L’ensemble donne au film un ton à la fois ludique, chaleureux et immédiatement lisible par toutes les générations.
Un style visuel marqué par les contraintes et l’ingéniosité
Le style graphique de Robin des Bois est en grande partie lié aux contraintes budgétaires du studio à la fin des années 1960. Pour réduire les coûts, les équipes eurent recours à la xerographie, technique déjà utilisée pour Les 101 Dalmatiens. Celle-ci permettait de transférer directement les dessins sur les cellules d’animation, offrant un trait plus brut et moins lisse que celui de l’âge d’or, mais parfaitement adapté au ton du film.

Afin d’économiser temps et ressources, les studios réutilisèrent également certaines animations provenant d’œuvres antérieures, comme Le Livre de la Jungle ou Les Aristochats. Si certains critiques y virent une preuve de faiblesse, le charme et l’humour du film permirent largement de contrebalancer ces limitations.

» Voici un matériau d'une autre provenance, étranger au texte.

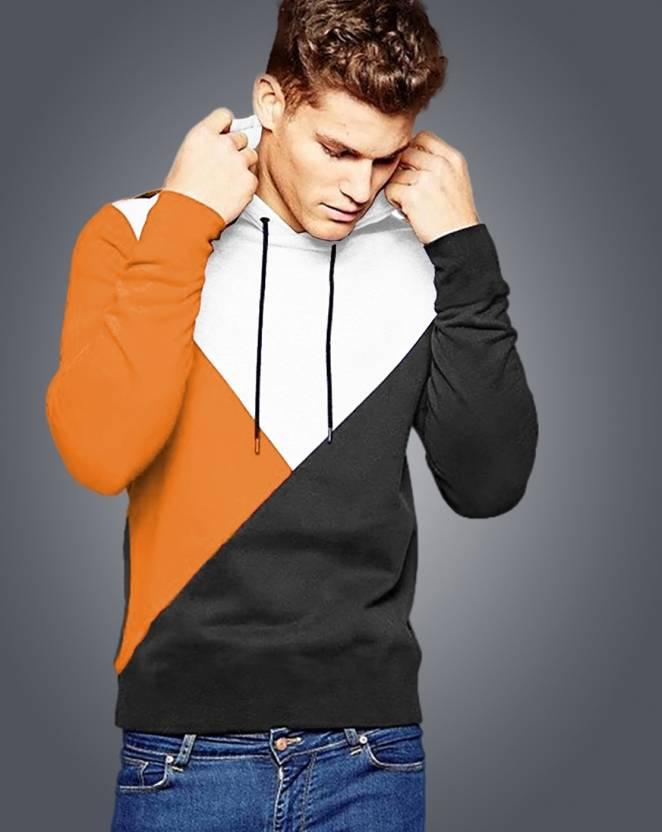 Eyebogler men's full sleeves polo neck T-shirt with color block pattern and hood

La musique joue un rôle déterminant dans la réussite du long-métrage. Composée par George Bruns, la bande originale mêle légèreté, rythmes entraînants et chansons interprétées par les personnages eux-mêmes. Elle rythme l’action, soutient les séquences comiques ou dramatiques et participe à la construction de l’atmosphère joyeuse et chaleureuse du film.
Réception, thèmes et héritage d’un classique de transition
Robin des Bois est présenté pour la première fois le 8 novembre 1973, au Radio City Music Hall de New York. L’accueil critique est mitigé : certains reprochent la simplicité de l’animation et un style jugé moins ambitieux que celui des grands classiques, tandis que d’autres saluent la vivacité des personnages, l’humour et la fluidité de la narration.

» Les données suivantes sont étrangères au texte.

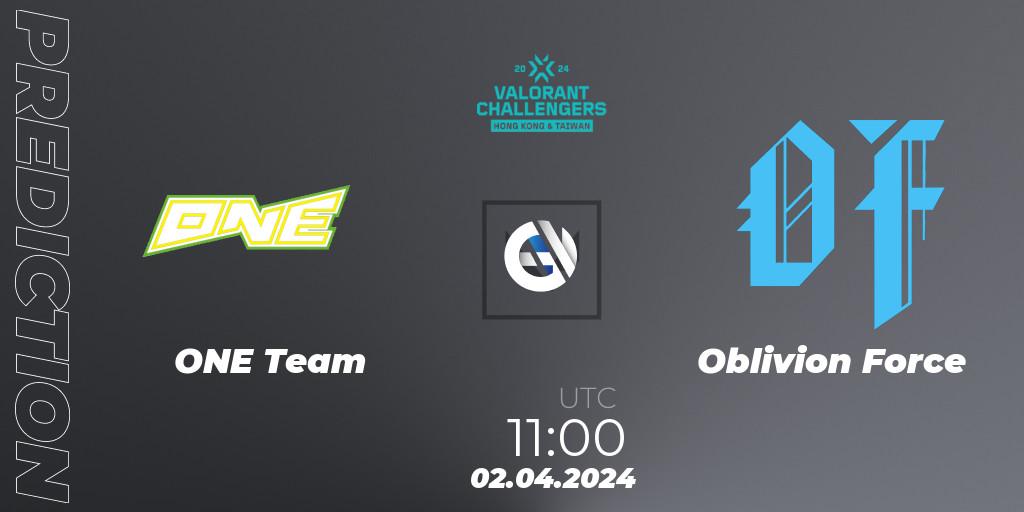ONE Team - Oblivion Force: ennuste. 02.04.2024 at 14:00, VALORANT, VALORANT Challengers Hong Kong and Taiwan 2024: Split 1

Le public, lui, répond massivement présent. Le film devient le plus grand succès des années 1970 pour les studios Disney, malgré les contraintes budgétaires et la période de transition dans laquelle l’entreprise est plongée. Il marque l’entrée dans ce que l’on appelle désormais la « période Bronze », moins faste mais toujours fidèle à l’esprit du studio.

Le film explore plusieurs thèmes universels qui expliquent en grande partie son succès durable :
- La justice sociale, au cœur de l’intrigue, avec Robin qui combat l’oppression et défend les plus faibles.
- La solidarité et la camaraderie, montrant que l’union fait la force.
- La ruse et l’intelligence, alternatives à la violence brute.
- L’humour et la légèreté, permettant d’aborder des sujets sérieux sans pesanteur.

Robin des Bois demeure ainsi un jalon essentiel dans l’histoire de Disney : un film qui clôt la période directement influencée par Walt Disney tout en annonçant une nouvelle ère. Héritier fidèle de la vision du fondateur, il témoigne de la capacité du studio à perpétuer son âme, même dans les moments de transition.